Plan Doc Posted May 31, 2024 Posted May 31, 2024 Fiscal year 6/30 organization wants to contribute funds in June, 2024 to a 457(f) plan being adopted on June 1, 2024. I am told the employer has been "setting aside" funds to contribute on behalf of the executive for past services for the organization. This sounds to me like a 409A, if not a 457(f) violation, as I don't believe contributions can be made for services performed before the executive has become a participant. Nor do I believe it permissible to make the plan retroactive to a date before its adoption such that the executive could become a participant as of an earlier date, July 1, 2023, for example. Am I right? If so, can a contribution be characterized as something other than for past services to enable the contribution in the current fiscal year even though the plan didn't exist for the first 11 months of the fiscal year?
EBECatty Posted May 31, 2024 Posted May 31, 2024 If it's a 457(f) plan, it's likely going to be a short-term deferral exempt from 409A. Could the agreement be drafted such that the employer declares a discretionary contribution at the end of each fiscal year (at least for the first year ending 6/30/24)? I don't think you're necessarily constrained to defining the contribution in terms of "past" services. Under 457(f), it's likely going to be subject to the continued performance of future services to avoid forfeiture in any event. Peter Gulia, austin3515, CuseFan and 1 other 3 1
CuseFan Posted May 31, 2024 Posted May 31, 2024 A 457(f) plan can be structured many ways, it could be in the form of DB SERP that takes into account average compensation and all years of employment, and may be offset by other employer-provided benefits. It could be an account balance plan where the employer books an annual contribution of whatever for the executive, there is no limit (other than overall reasonable comp & benefits for tax-exempts), so why would it matter what criteria the employer used to determine? 457(f) applies to any tax-exempt organization's NQ plan that provides benefits in excess of the eligible 457(b) limits. Whether exempt form 409A as a short-term deferral depends on the design. As a NQP it is also unfunded by definition, so if/when/how the employer wants to set aside any assets to cover this benefit doesn't matter, except when the time comes to pay the obligation. This would be a book expense until such time. If the employer was also wanting to allow the executive to elect to defer compensation into the arrangement then you have those timing issues, otherwise, no. Luke Bailey 1 Kenneth M. Prell, CEBS, ERPA Vice President, BPAS Actuarial & Pension Services kprell@bpas.com
XTitan Posted May 31, 2024 Posted May 31, 2024 Given these plans are unfunded, "setting aside" funds just means the organization has some extra cash. It's not directly to the 457(f) plan now or in the future. Whatever contribution is to be made to the 457(f) plan can be completely discretionary. As @EBECatty rightly points out, you need a substantial risk of forfeiture prospectively to delay taxation to a future date (presumably vesting in a lump sum to stay outside 409A). Luke Bailey 1 - There are two types of people in the world: those who can extrapolate from incomplete data sets...

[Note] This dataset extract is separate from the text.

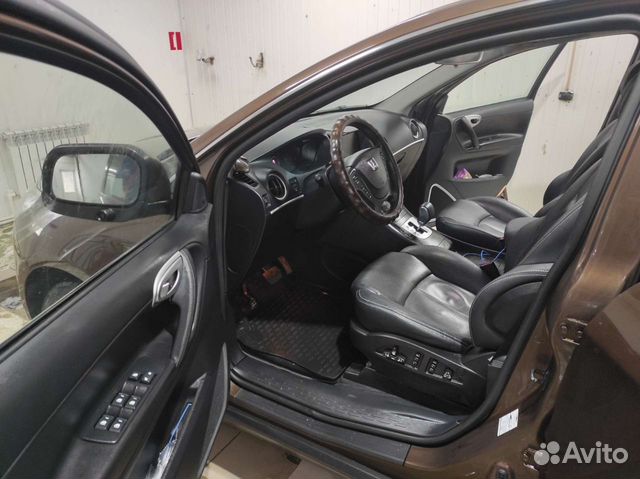 Luxgen 7 SUV, 2015 объявление продам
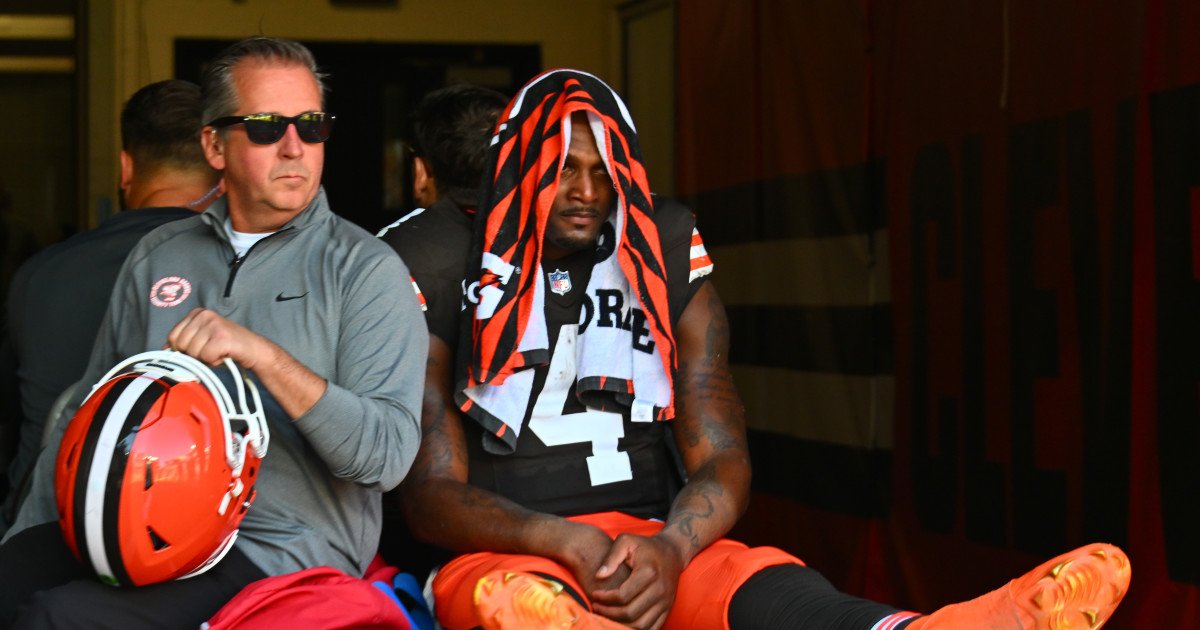 Browns' Draft Day Gambit: NFL Fans Groan at Risky 5-Year Trade Proposal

Luke Bailey Posted June 1, 2024 Posted June 1, 2024 Plan Doc, because Section 415 does not apply, the unfunded benefit, at least for tax purposes (i.e., I am not addressing tax-exempt org reasonable compensation issues) the benefit can be whatever you want. Just must be unfunded and not vested. Luke Bailey Senior Counsel Clark Hill PLC 214-651-4572 (O) | LBailey@clarkhill.com 2600 Dallas Parkway Suite 600 Frisco, TX 75034
Plan Doc Posted June 1, 2024 Author Posted June 1, 2024 Thanks, all. I sense that making the nonelective contribution discretionary with the employer will work, rather than having the contribution based upon x% of compensation or some other formula that would appear to base the contribution on services performed before the participant entered the plan.
Carol V. Calhoun Posted June 4, 2024 Posted June 4, 2024 It would be perfectly fine (so long as there are no reasonable compensation issues) to have a fixed formula that takes into account past years of service, and/or to have contributions made to a rabbi trust to fund that benefit. The benefits do not have to be discretionary. The only things you cannot do for the period of deferral are a) to have the benefit become vested or b) to contribute to a trust or annuity that is not subject to the claims of the employer's creditors. Employee benefits legal resource site The opinions of my postings are my own and do not necessarily represent my law firm's position, strategies, or opinions. The contents of my postings are offered for informational purposes only and should not be construed as legal advice. A visit to this board or an exchange of information through this board does not create an attorney-client relationship. You should consult directly with an attorney for individual advice regarding your particular situation. I am not your lawyer under any circumstances.